Computations for checking performance of different compilers.
This code Contains 3 different computational kernels for performance assesment of processors using code compiled with Intel and AMD compilers.
Kernal 1. A straightforward implementation of the pivotless LU decomposition with simple data structures and memory access pattern, and without any hand-tuning. Although this kernel can be optimized to the point at which it is compute bound, we test the un-optimized version of the kernel in order to determine how each compiler handles ‘naive’ source code with complex vectorization and threading patterns hidden within.
Kernal 2. A highly abstracted object-oriented implementation of a Jacobi solver for the Poisson problem on a square domain. This kernel tests how well the compilers can perform complex, cross-procedural code analysis to detect common parallel patterns (in this case, a 5-point stencil). This is a bandwidth-bound kernel, meaning that its performance is limited by the RAM bandwidth rather than by the floating-point arithmetic capabilities of the cores.
Kernel 3. A heavily-tuned implementation of structure function computation.
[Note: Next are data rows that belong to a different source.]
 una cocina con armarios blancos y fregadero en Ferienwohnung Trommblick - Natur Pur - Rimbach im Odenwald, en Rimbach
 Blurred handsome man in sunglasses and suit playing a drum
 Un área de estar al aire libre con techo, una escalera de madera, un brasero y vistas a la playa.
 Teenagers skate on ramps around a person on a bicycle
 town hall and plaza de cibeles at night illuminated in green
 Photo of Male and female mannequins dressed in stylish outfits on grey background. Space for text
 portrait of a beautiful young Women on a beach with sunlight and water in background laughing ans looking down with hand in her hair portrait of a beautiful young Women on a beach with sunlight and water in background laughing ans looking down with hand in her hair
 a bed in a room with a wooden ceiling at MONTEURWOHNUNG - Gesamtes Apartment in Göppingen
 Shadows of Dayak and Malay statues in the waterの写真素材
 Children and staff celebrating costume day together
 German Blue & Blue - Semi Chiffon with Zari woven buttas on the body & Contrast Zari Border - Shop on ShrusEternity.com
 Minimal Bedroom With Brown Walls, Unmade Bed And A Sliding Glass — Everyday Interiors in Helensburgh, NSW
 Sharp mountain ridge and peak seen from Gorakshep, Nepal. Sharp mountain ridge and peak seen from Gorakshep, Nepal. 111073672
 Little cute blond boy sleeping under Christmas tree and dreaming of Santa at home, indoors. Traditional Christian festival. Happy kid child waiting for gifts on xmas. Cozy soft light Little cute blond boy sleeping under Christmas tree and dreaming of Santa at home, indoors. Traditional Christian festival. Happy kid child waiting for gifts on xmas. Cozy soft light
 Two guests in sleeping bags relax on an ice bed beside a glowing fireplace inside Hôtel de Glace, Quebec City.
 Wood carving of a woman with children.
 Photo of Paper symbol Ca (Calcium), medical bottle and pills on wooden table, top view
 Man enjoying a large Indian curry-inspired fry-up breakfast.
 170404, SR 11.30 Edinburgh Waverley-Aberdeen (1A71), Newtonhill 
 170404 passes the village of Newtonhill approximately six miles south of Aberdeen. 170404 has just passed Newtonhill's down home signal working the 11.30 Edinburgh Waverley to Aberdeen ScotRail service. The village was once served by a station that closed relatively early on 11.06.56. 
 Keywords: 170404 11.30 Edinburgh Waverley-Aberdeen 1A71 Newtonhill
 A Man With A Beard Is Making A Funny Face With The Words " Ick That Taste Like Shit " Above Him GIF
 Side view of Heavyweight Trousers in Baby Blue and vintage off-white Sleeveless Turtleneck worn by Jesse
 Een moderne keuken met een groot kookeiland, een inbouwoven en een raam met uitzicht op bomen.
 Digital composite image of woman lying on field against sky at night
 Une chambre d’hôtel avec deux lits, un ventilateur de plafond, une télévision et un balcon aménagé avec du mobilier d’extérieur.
We fully optimize this kernel to the point where it is compute-bound, i.e., limited by the arithmetic performance capabilities of the CPU. The purpose of this test is to see how efficient the resulting binary is when the source code is acutely aware of the underlying architecture.
clone the repository
For on-prem HPC just execute the build.bash script from a build directory, one level up the cloned directory.
you can pass 3 types of params to the build.bash script;
-u <amd/intel> -> the choice of the c/c++ compiler vendors.
-a <llvm> -> must be used wuth intel option to choose the Intel LLVM compiler.
-f <yes> -> to run the application JacobiSolve.
For Windows, use cmake-gui to configure and build a VS solution and then run is as usual. Make sure you have the intel-MPI installed on your system. Try between MSVC &
intel compilers on Windows.